■ **Task instructions**: The expected output is the line with "Ariel Broadway Hotel" plus all lines after it to the end of the material below, reproduced exactly, with pictures omitted and nothing else included.

■ **Recorded information**:
====

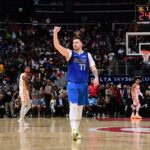 Luka Doncic ficará fora da NBA por um mês devido a lesão na panturrilha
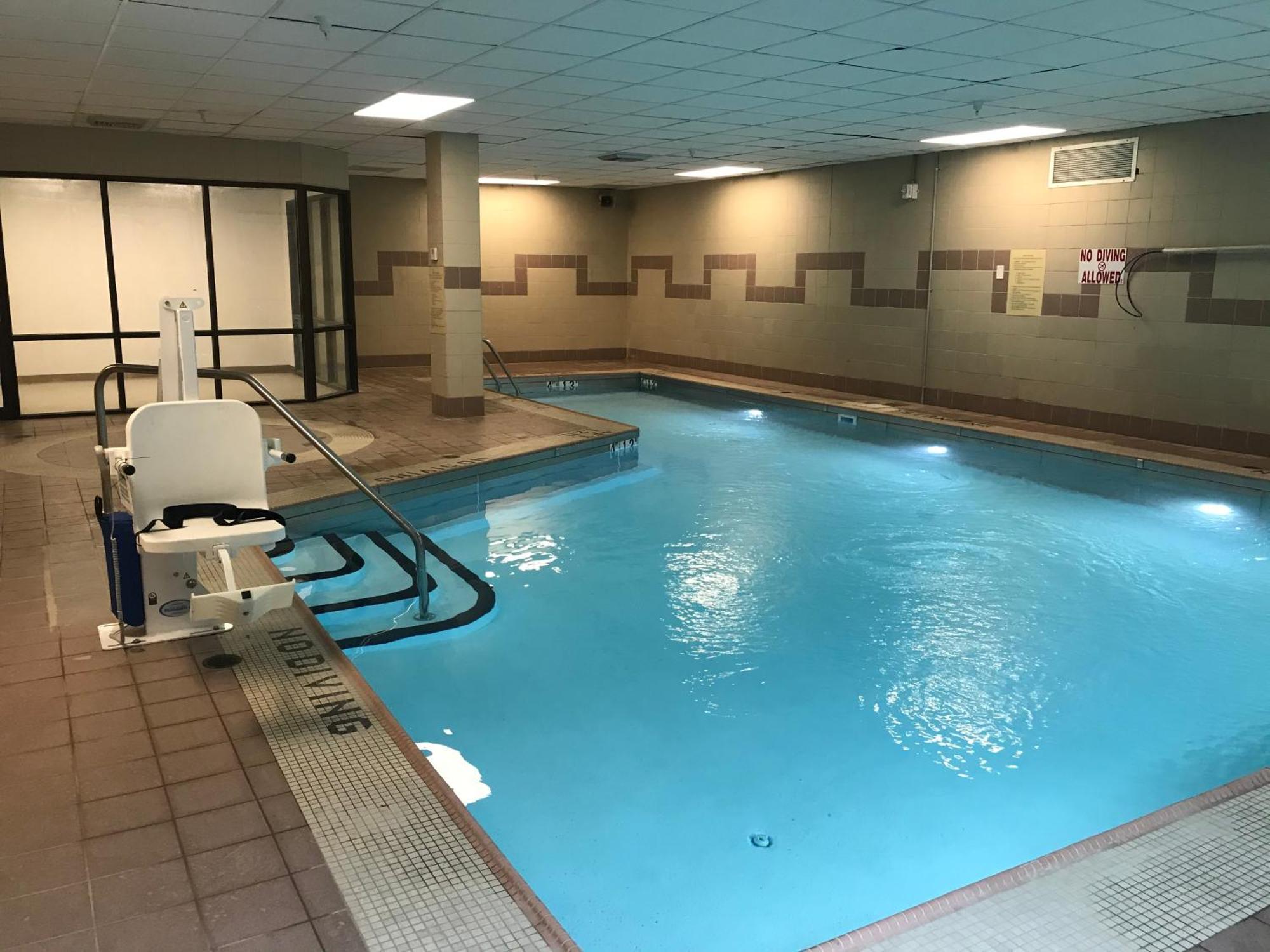 Ariel Broadway Hotel Lorain المظهر الخارجي الصورة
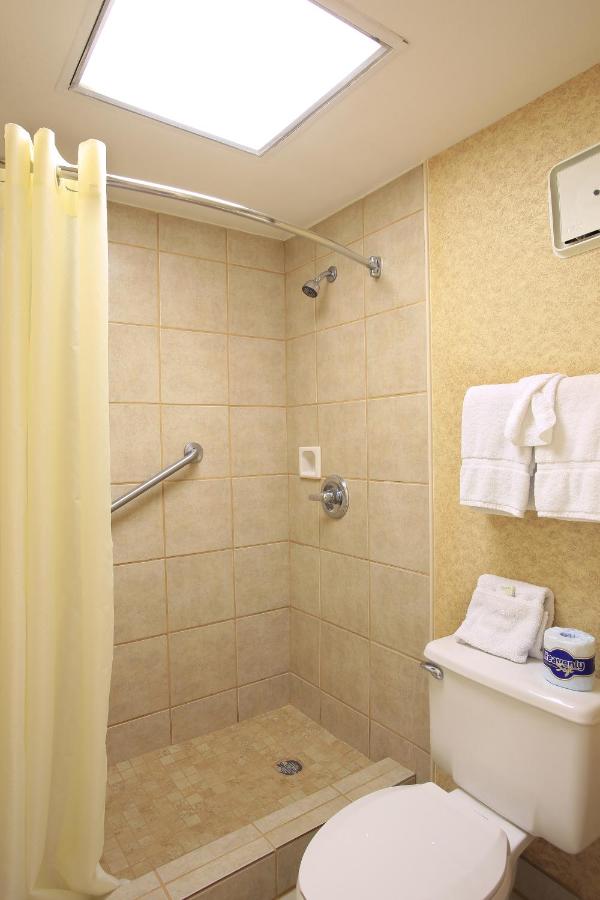 | Plaza Inn Midland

====

■ **Task output**:
 Ariel Broadway Hotel Lorain المظهر الخارجي الصورة
 | Plaza Inn Midland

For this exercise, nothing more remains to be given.